Déformations cassantes et hydrodynamisme

Réseaux de fractures, failles et réseaux d’écoulement

Les simulations de flux sur réseaux synthétiques réalisées par de Dreuzy (2000) reproduisent la ségrégation des écoulements en milieux discontinus et rapportent que celle-ci varie considérablement avec le schéma de distribution des conductivites individuelles des discontinuités formant le réseau, et s’accentue avec l’écart-type de celles-ci dans le cas d’une distribution gaussienne. La concentration des écoulements dans une portion restreinte du réseau traduit donc les forts contrastes de conductivites individuelles existants en milieux naturels. Ce phénomène sera largement accru lorsque le domaine d’écoulement est totalement ou partiellement recoupé par une ou plusieurs discontinuités majeures, d’extension significativement grande devant les dimensions du domaine d’écoulement. Ce type de discontinuité est typiquement une faille (dans certains cas un plan de stratification ou un dyke) marquée par un très net contraste de propriétés hydrauliques avec le milieu encaissant.

Sur le plan hydrodynamique, les réseaux de fractures et les failles doivent être appréhendés de manières fondamentalement différentes. L’étude des réseaux fracturés privilégie typiquement la recherche d’un continuum équivalent traduisant les propriétés particulières des réseaux naturels par une approche stochastique. En revanche, la simplicité géométrique de l’objet hydraulique étudié autorise la représentation des milieux failles par des méthodes déterministes dans une formulation discrète du problème. C’est l’approche qui sera adoptée dans la présente thèse.

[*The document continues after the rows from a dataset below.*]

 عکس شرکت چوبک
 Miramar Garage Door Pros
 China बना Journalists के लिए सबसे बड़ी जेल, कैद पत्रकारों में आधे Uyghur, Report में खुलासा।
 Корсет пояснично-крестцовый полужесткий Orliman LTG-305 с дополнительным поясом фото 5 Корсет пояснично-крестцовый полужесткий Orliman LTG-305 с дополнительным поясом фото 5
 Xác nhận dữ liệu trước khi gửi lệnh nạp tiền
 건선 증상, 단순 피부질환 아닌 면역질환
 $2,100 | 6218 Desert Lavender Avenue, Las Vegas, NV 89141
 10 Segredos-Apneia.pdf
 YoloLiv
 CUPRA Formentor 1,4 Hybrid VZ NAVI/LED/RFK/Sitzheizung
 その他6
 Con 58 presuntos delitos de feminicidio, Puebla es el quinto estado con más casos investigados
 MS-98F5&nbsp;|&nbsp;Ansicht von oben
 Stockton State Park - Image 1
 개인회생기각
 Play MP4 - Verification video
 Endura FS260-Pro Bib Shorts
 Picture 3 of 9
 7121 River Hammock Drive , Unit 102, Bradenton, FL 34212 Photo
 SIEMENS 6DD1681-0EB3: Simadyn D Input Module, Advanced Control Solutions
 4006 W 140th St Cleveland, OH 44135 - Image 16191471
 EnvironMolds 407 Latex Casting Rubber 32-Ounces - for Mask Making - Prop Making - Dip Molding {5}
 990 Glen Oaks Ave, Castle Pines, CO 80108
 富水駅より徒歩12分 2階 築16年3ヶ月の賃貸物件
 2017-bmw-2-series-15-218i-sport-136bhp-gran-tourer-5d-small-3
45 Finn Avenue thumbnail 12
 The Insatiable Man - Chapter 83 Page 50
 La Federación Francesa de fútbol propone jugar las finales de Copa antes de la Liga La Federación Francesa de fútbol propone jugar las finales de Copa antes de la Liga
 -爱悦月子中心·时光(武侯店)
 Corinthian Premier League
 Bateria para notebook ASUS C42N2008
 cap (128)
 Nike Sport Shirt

Les modèles à invariance d’échelle tentent de représenter la déformation cassante à travers un comportement généralisé sur toutes les dimensions qui la caractérisent. Cette approche est motivée d’une part, par la dépendance d’échelle des propriétés hydrauliques fréquemment observée en milieux fracturés et d’autre part, par son caractère universel apportant une solution commode au problème complexe de la représentation hydraulique des réseaux de fractures. La validité de l’approximation fractale dans la représentation des milieux fracturés est controversée depuis son introduction par Turcotte (1986). Les études visant à vérifier sur le terrain l’existence d’une telle relation en loi de puissance – typiquement, entre le nombre de fractures par unité de surface et leur taille minimale – dans les schémas de fracturation naturels sont abondantes (e.g., Center et Castaing, 1997 ; voir la synthèse réalisée par Bonnet et al, 2001). Outre les critiques portant sur la validité de la méthode très généralement employée qui est le box-counting, il ressort de ces travaux qu’un tel comportement peut être observable sur un nombre relativement limité d’ordres de grandeur, traduisant l’inconstance de l’exposant de la fonction de puissance d’une gamme d’échelles à l’autre (Nicol et al, 1996) et l’existence de longueurs caractéristiques à certaines échelles d’observations. La stabilité de cet exposant se maintient le plus souvent sur un à deux ordres de grandeurs, rarement sur des intervalles plus large. Nicol et al (1996) avancent que ces variations dans la valeur de l’exposant (et la non validité de l’approximation fractale qui en découle) sont possiblement reliés à des contrôles rhéologiques et stratigraphiques (e.g., épaisseur des bancs) intervenant à des échelles caractéristiques. Les simulations numériques de développement de champs de déformations cassantes réalisées par Hardacre et Cowie (2003) démontrent que cet exposant varie 1) avec la quantité de déformation imposée aux limites du système, dont la distribution hétérogène (induite par les interactions en fractures, les hétérogénéités rhéologiques et les variations d’évolutions locales) engendre une hétérogénéité spatiale de l’exposant ; et 2) avec les concentrations locales de la déformation associée à — et accentuée par – l’apparition de failles.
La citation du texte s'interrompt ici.